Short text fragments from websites
═══

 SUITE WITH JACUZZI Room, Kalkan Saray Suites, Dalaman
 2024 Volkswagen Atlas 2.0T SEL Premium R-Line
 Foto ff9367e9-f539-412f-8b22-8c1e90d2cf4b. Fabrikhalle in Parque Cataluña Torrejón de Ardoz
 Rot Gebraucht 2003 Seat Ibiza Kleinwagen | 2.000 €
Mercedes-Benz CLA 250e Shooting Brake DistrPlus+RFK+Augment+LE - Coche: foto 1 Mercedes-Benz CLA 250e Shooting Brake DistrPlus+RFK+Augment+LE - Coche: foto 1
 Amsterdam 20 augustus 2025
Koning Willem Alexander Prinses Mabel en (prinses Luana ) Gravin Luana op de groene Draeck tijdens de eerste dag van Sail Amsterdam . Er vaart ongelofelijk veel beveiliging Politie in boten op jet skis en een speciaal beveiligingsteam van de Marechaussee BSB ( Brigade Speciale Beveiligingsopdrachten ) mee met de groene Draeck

═══

Write out each entry exactly, and omit nothing.

Written response:
 SUITE WITH JACUZZI Room, Kalkan Saray Suites, Dalaman
 2024 Volkswagen Atlas 2.0T SEL Premium R-Line
 Foto ff9367e9-f539-412f-8b22-8c1e90d2cf4b. Fabrikhalle in Parque Cataluña Torrejón de Ardoz
 Rot Gebraucht 2003 Seat Ibiza Kleinwagen | 2.000 €
Mercedes-Benz CLA 250e Shooting Brake DistrPlus+RFK+Augment+LE - Coche: foto 1 Mercedes-Benz CLA 250e Shooting Brake DistrPlus+RFK+Augment+LE - Coche: foto 1
 Amsterdam 20 augustus 2025
Koning Willem Alexander Prinses Mabel en (prinses Luana ) Gravin Luana op de groene Draeck tijdens de eerste dag van Sail Amsterdam . Er vaart ongelofelijk veel beveiliging Politie in boten op jet skis en een speciaal beveiligingsteam van de Marechaussee BSB ( Brigade Speciale Beveiligingsopdrachten ) mee met de groene Draeck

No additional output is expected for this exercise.